Repenser le recueil des besoins :
Ne plus partir des besoins, mais des problèmes

Dans la majorité des projets, les ateliers de recueil des besoins commencent de la même manière : on réunit les utilisateurs, on projette une matrice ou un canevas, et on pose la fameuse question :

« De quoi avez-vous besoin ? »

C’est une question logique, directe, orientée action. Pourtant, elle enferme d’emblée l’analyse dans une logique de réponse. On passe alors à côté de la véritable nature du travail d’analyse : comprendre la situation, identifier les enjeux, et éclairer les décisions. Cet article propose une approche alternative, pour repositionner le rôle du Business Analyst : non pas comme collecteur de besoins, mais comme analyste de problèmes.

1. Clarifier les concepts : besoin vs problème

Avant toute chose, il faut définir précisément les termes. Un besoin est une réponse attendue à une insatisfaction, un manque ou un objectif à atteindre. Un problème, lui, est une situation observée qui empêche l’atteinte d’un objectif ou crée une perte de valeur. Autrement dit, le besoin est souvent une manière de répondre à un problème, mais il ne suffit pas à comprendre l’enjeu réel.

Prenons un exemple. Lorsqu’un utilisateur dit « J’ai besoin d’un tableau de bord », cela semble clair. Mais quel est le problème sous-jacent ? Est-ce un manque de visibilité ? Un excès de données mal hiérarchisées ? Une incapacité à réagir à temps ? Le tableau de bord est une solution supposée, pas une analyse de la cause. En posant la question du problème, le Business Analyste ouvre l’exploration à d’autres alternatives, peut-être plus simples, plus efficaces ou moins coûteuses.

2. Les risques d’un recueil centré sur les besoins

Lorsqu’on se limite aux besoins exprimés, plusieurs dérives apparaissent. La première, c’est la dérive solutionniste. Les utilisateurs, animés de bonne foi, formulent des réponses prémâchées à des questions mal posées. Cela conduit à des cahiers des charges qui empilent des fonctionnalités, sans logique globale. Le projet devient une succession d’attentes individuelles, souvent contradictoires.

Le deuxième risque, c’est l’oubli du contexte. Un besoin exprimé hors de son environnement perd son sens. Le rôle du BA est de replacer chaque demande dans un cadre opérationnel, organisationnel, technique et humain. Sans cela, on peut livrer une solution conforme à la demande, mais inopérante sur le terrain.

Enfin, un recueil centré sur les besoins favorise la rigidité. On cherche à satisfaire des demandes formalisées, au lieu de comprendre une situation évolutive. Cela rend les projets plus difficiles à adapter, et moins ouverts à l’innovation.

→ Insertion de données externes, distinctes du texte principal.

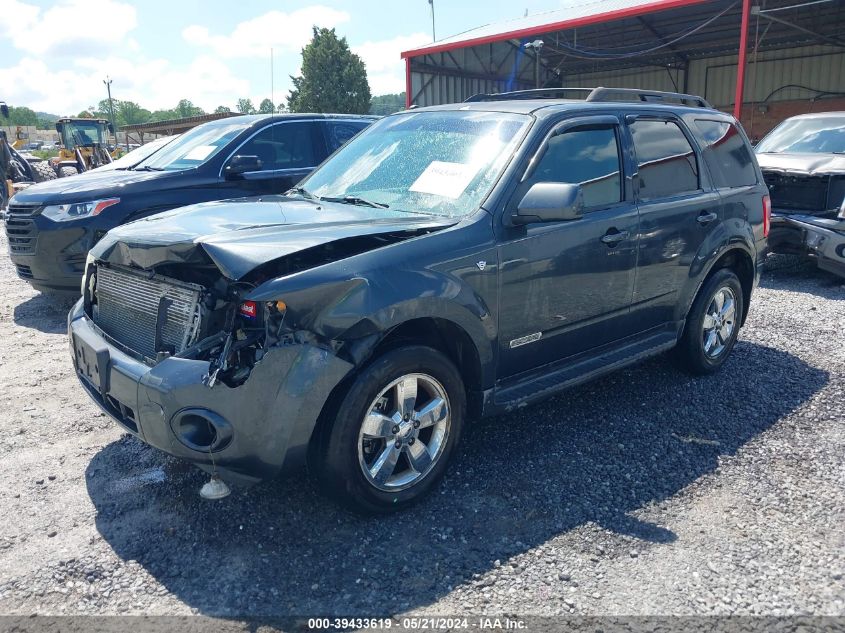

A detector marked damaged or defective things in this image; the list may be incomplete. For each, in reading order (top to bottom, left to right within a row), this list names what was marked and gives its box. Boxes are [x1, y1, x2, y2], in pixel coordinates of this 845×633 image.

crumpled hood [11, 165, 178, 202]
crumpled hood [756, 151, 844, 173]
damaged suv [760, 110, 844, 276]
crumpled hood [91, 195, 454, 278]
damaged suv [69, 89, 768, 512]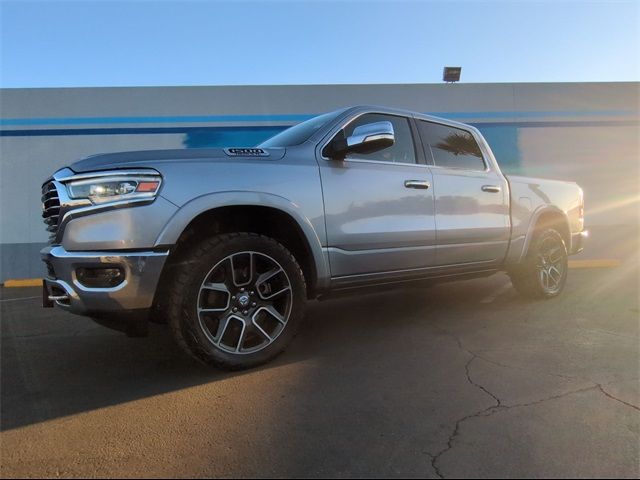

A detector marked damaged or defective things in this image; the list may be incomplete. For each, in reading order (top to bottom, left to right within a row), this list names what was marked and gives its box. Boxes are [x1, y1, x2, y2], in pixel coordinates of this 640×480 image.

cracked asphalt [1, 230, 640, 476]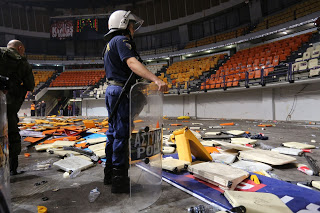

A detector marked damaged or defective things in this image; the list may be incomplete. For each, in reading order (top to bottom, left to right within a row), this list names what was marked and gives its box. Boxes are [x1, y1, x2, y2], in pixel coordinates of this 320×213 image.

damaged flooring [10, 117, 320, 212]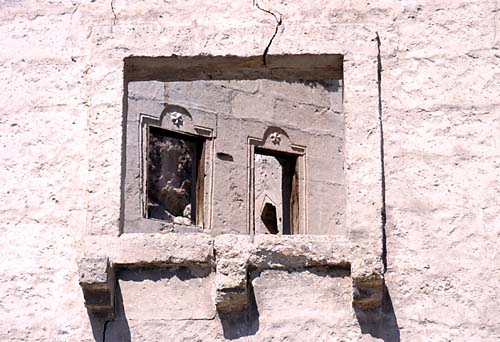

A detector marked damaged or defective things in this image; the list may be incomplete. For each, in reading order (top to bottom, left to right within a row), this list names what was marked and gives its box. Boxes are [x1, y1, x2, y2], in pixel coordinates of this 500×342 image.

crack in wall [254, 0, 282, 66]
diagonal crack in plaster [252, 0, 284, 66]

3. Une approche centrée sur les problèmes : méthode et posture

Adopter une approche centrée sur les problèmes ne signifie pas ignorer les besoins, mais les recontextualiser. Concrètement, le BA commence par l’observation : quelles sont les difficultés actuelles ? Qui est impacté ? Quels sont les indicateurs de performance dégradés ? Quels irritants sont récurrents ?

Il utilise des techniques d’analyse comme le QQOQCCP, les 5 pourquoi, ou les arbres de causes pour remonter à la source du problème. Il structure les entretiens non pour recueillir des attentes, mais pour investiguer les obstacles, les doublons, les gaspillages ou les incohérences. Il peut également cartographier les processus existants, identifier les points de friction, ou représenter visuellement les écarts entre la situation actuelle et la cible souhaitée.

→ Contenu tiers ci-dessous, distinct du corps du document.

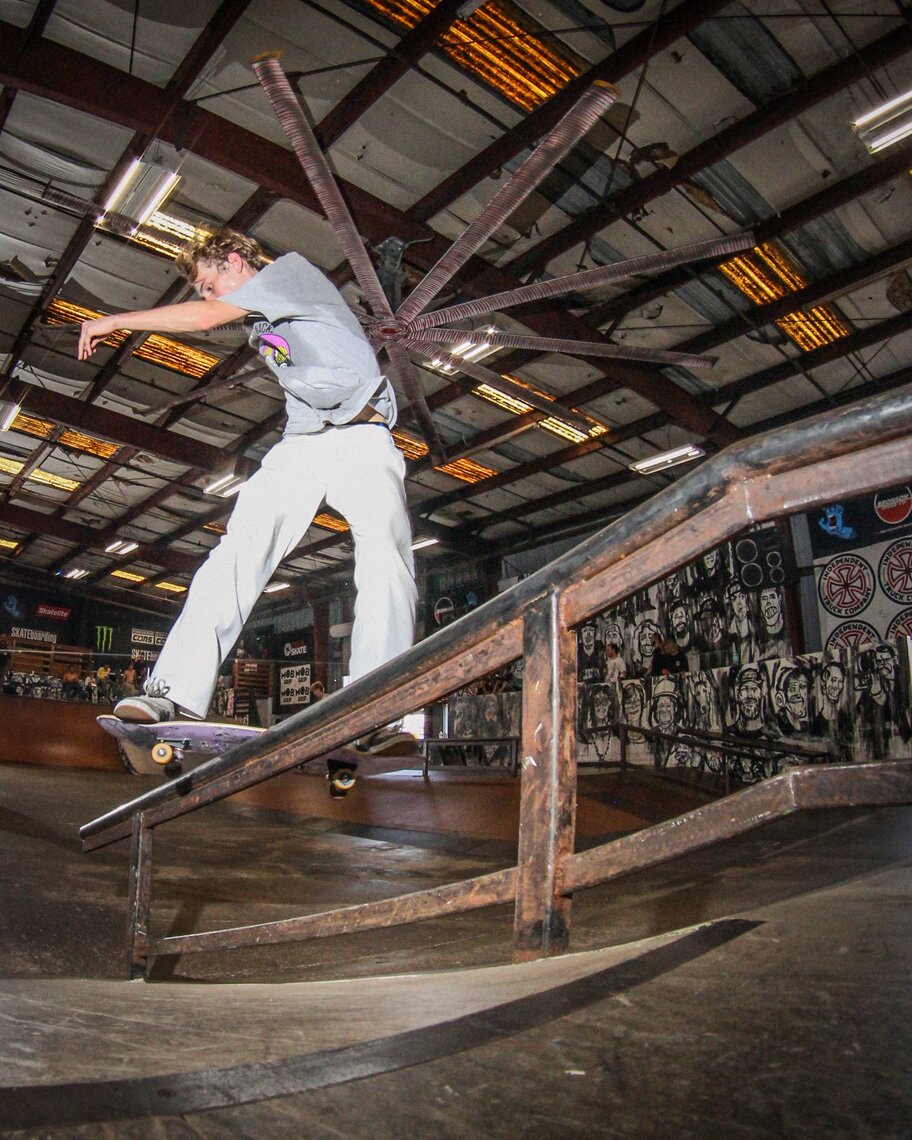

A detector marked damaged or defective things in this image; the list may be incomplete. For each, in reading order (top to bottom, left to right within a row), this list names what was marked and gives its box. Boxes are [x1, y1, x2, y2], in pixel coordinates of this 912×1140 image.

La posture est également essentielle. Le BA n’est pas là pour satisfaire des demandes, mais pour éclairer des choix. Il doit parfois remettre en question des évidences, ou proposer des angles de lecture différents. Cela demande de la diplomatie, de la neutralité, mais aussi de la rigueur.

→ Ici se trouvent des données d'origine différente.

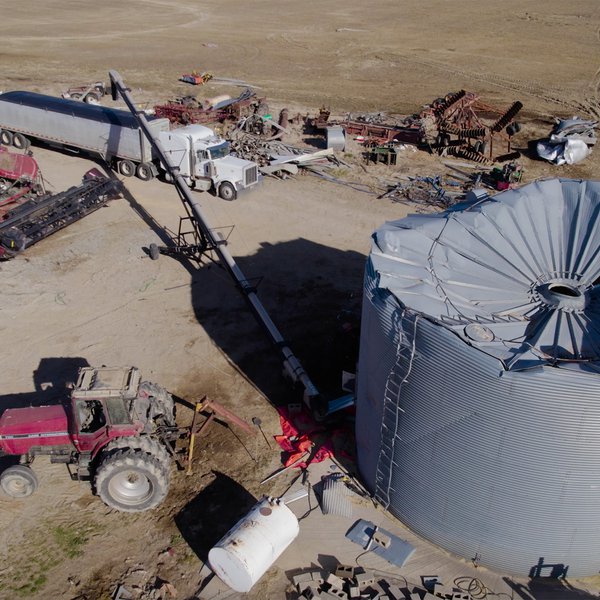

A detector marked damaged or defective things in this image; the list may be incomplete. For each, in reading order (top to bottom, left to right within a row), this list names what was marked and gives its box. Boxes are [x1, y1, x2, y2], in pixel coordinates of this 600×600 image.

damaged grain bin roof [356, 178, 600, 576]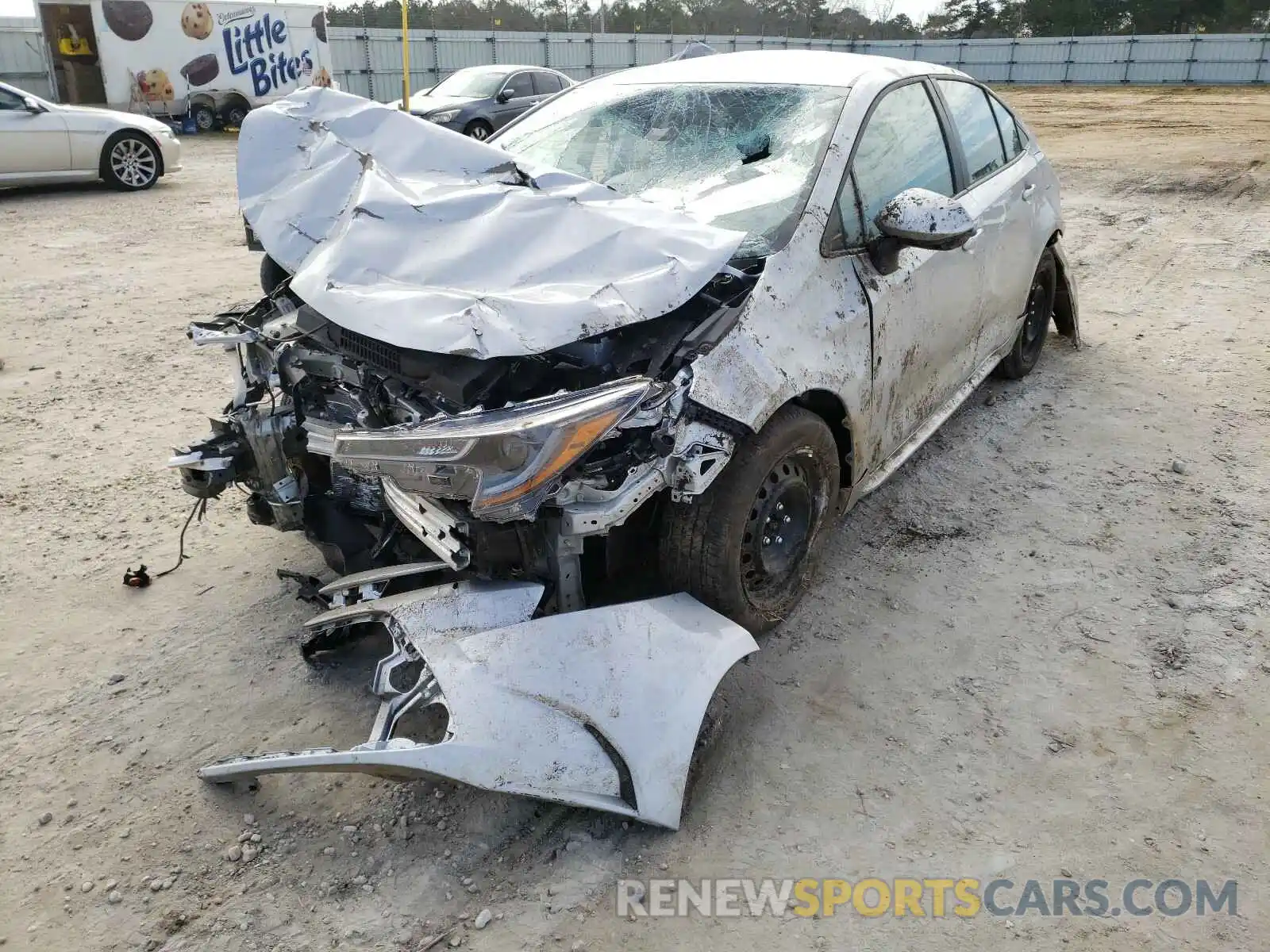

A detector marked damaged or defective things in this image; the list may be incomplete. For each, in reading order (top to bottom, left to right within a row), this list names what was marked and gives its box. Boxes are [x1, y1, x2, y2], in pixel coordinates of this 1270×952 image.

crushed hood [235, 87, 743, 357]
shattered windshield [492, 81, 851, 257]
damaged side mirror [870, 186, 978, 273]
broken headlight assembly [327, 376, 664, 520]
severely damaged toyota corolla [174, 52, 1080, 825]
crumpled front bumper [198, 578, 756, 831]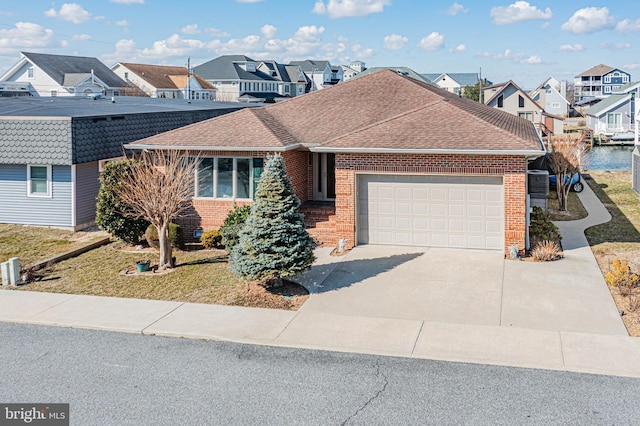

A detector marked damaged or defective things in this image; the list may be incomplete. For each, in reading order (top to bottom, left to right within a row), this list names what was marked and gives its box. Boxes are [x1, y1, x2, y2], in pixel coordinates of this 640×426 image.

street crack [342, 360, 388, 426]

4. Les bénéfices d’une analyse orientée problème

Travailler sur les problèmes avant de formuler des besoins change profondément la dynamique du projet. D’abord, cela permet de hiérarchiser les actions en fonction de la valeur réelle à créer. Plutôt que de livrer une solution par demande, on construit une trajectoire cohérente et priorisée.

Ensuite, cette approche favorise l’agilité. En partant des problèmes, on accepte qu’il existe plusieurs façons d’y répondre. On peut tester des hypothèses, prototyper des solutions, mesurer les effets. Cela ouvre la porte à l’amélioration continue et à l’ajustement itératif.

Enfin, c’est un formidable levier de conduite du changement. Lorsque les parties prenantes comprennent qu’on traite leurs vrais irritants, qu’on s’intéresse à leurs obstacles quotidiens, l’adhésion au projet est bien plus forte que lorsqu’on leur livre un outil correspondant à une demande formelle.

Conclusion

Repenser le recueil des besoins comme une analyse des problèmes est bien plus qu’un changement de méthode. C’est un changement de posture. C’est considérer que les utilisateurs sont d’abord porteurs d’expertise, de vécu, de signaux faibles, et pas uniquement des prescripteurs de solutions. C’est faire du Business Analyst un professionnel de l’interprétation, de la structuration et de la facilitation, capable de transformer la complexité en trajectoire claire.

Ce n’est qu’à cette condition que les projets répondront à de vrais enjeux, et non à des listes de courses techniques. Car entre un besoin exprimé et un problème résolu, il y a toute la valeur ajoutée de la Business Analyse.